:: EXCERPTED RECORDS ::

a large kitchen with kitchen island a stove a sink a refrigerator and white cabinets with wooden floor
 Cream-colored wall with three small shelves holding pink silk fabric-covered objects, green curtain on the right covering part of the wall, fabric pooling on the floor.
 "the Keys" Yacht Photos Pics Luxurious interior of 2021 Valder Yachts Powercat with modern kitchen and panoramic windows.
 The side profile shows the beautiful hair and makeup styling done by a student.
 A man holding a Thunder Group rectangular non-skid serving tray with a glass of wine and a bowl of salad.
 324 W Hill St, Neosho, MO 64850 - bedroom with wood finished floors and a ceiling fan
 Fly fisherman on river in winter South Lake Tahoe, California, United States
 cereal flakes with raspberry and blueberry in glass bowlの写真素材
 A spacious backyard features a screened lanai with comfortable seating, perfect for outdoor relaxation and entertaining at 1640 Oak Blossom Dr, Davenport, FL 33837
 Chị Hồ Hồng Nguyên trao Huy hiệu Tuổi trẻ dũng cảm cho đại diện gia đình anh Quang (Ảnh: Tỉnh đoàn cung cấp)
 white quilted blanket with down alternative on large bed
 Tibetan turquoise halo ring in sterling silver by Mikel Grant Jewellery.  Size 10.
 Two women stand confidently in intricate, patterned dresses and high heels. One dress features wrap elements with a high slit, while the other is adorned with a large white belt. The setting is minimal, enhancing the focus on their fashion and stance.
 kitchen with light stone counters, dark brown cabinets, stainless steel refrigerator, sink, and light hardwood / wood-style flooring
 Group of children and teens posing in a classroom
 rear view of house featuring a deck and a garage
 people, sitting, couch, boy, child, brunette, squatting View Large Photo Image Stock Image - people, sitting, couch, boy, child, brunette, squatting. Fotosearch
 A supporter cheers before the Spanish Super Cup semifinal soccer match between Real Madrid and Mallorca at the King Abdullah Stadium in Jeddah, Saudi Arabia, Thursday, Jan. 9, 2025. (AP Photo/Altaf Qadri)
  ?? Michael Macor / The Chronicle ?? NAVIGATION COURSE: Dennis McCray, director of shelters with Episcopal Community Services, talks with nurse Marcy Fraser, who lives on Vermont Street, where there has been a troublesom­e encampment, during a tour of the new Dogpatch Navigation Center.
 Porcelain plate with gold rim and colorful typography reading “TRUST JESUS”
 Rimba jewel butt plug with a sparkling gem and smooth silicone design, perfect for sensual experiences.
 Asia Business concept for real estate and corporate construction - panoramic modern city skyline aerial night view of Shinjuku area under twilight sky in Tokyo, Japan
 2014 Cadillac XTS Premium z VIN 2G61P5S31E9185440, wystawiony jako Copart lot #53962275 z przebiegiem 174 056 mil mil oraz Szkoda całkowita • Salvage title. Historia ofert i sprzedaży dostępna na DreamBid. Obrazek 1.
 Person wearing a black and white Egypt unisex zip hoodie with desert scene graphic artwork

:: TRY IT ::
Copy the listing word for word.

:: EXPECTED OUTPUT ::
a large kitchen with kitchen island a stove a sink a refrigerator and white cabinets with wooden floor
 Cream-colored wall with three small shelves holding pink silk fabric-covered objects, green curtain on the right covering part of the wall, fabric pooling on the floor.
 "the Keys" Yacht Photos Pics Luxurious interior of 2021 Valder Yachts Powercat with modern kitchen and panoramic windows.
 The side profile shows the beautiful hair and makeup styling done by a student.
 A man holding a Thunder Group rectangular non-skid serving tray with a glass of wine and a bowl of salad.
 324 W Hill St, Neosho, MO 64850 - bedroom with wood finished floors and a ceiling fan
 Fly fisherman on river in winter South Lake Tahoe, California, United States
 cereal flakes with raspberry and blueberry in glass bowlの写真素材
 A spacious backyard features a screened lanai with comfortable seating, perfect for outdoor relaxation and entertaining at 1640 Oak Blossom Dr, Davenport, FL 33837
 Chị Hồ Hồng Nguyên trao Huy hiệu Tuổi trẻ dũng cảm cho đại diện gia đình anh Quang (Ảnh: Tỉnh đoàn cung cấp)
 white quilted blanket with down alternative on large bed
 Tibetan turquoise halo ring in sterling silver by Mikel Grant Jewellery.  Size 10.
 Two women stand confidently in intricate, patterned dresses and high heels. One dress features wrap elements with a high slit, while the other is adorned with a large white belt. The setting is minimal, enhancing the focus on their fashion and stance.
 kitchen with light stone counters, dark brown cabinets, stainless steel refrigerator, sink, and light hardwood / wood-style flooring
 Group of children and teens posing in a classroom
 rear view of house featuring a deck and a garage
 people, sitting, couch, boy, child, brunette, squatting View Large Photo Image Stock Image - people, sitting, couch, boy, child, brunette, squatting. Fotosearch
 A supporter cheers before the Spanish Super Cup semifinal soccer match between Real Madrid and Mallorca at the King Abdullah Stadium in Jeddah, Saudi Arabia, Thursday, Jan. 9, 2025. (AP Photo/Altaf Qadri)
  ?? Michael Macor / The Chronicle ?? NAVIGATION COURSE: Dennis McCray, director of shelters with Episcopal Community Services, talks with nurse Marcy Fraser, who lives on Vermont Street, where there has been a troublesom­e encampment, during a tour of the new Dogpatch Navigation Center.
 Porcelain plate with gold rim and colorful typography reading “TRUST JESUS”
 Rimba jewel butt plug with a sparkling gem and smooth silicone design, perfect for sensual experiences.
 Asia Business concept for real estate and corporate construction - panoramic modern city skyline aerial night view of Shinjuku area under twilight sky in Tokyo, Japan
 2014 Cadillac XTS Premium z VIN 2G61P5S31E9185440, wystawiony jako Copart lot #53962275 z przebiegiem 174 056 mil mil oraz Szkoda całkowita • Salvage title. Historia ofert i sprzedaży dostępna na DreamBid. Obrazek 1.
 Person wearing a black and white Egypt unisex zip hoodie with desert scene graphic artwork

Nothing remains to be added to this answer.